Forse con meno abitanti ci sarà meno PIL, ma se sapremo affrontare questa ineludibile transizione demografica potremmo avere una società più tranquilla e felice: la vera sfida è di invecchiare attivamente, lavorando anche dopo i 67 anni e facendo molta prevenzione per trascorrere in buona salute l’ultima parte della nostra vita.
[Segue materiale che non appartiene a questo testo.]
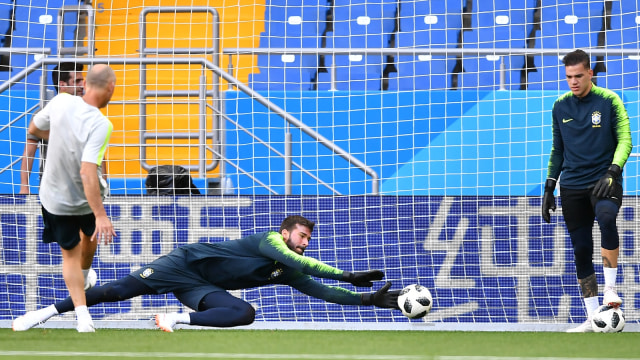 Alisson Becker (tengah) menjalani latihan bersama Ederson Moraes (kiri) di Timnas Brasil. (Foto: Joe Klamar/AFP)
Il rapporto attivi/pensionati si manterrà per i prossimi anni su livelli accettabili (1,5) a condizione di smettere di fare Quota 100, salvaguardie, e anticipazioni varie che stanno squassando un sistema pensionistico che, nel 2019, aveva toccato il massimo di sostenibilità.
A partire dal 2040 il tasso di natalità inizierà ad aumentare seppure lentamente e inizierà un nuovo ciclo. Non si tratta di essere ottimisti a tutti i costi o fautori della decrescita felice e certo non si può imporre, come nei tempi bui, alle donne di fare figli ed è altrettanto inutile disperarsi per il calo della natalità. Occorre invece affrontare la demografia con buon senso, organizzando la società, la produzione, la distribuzione e i consumi. E forse così avremo un’Italia più saggia, con maggiore senso del dovere e meno consumistica.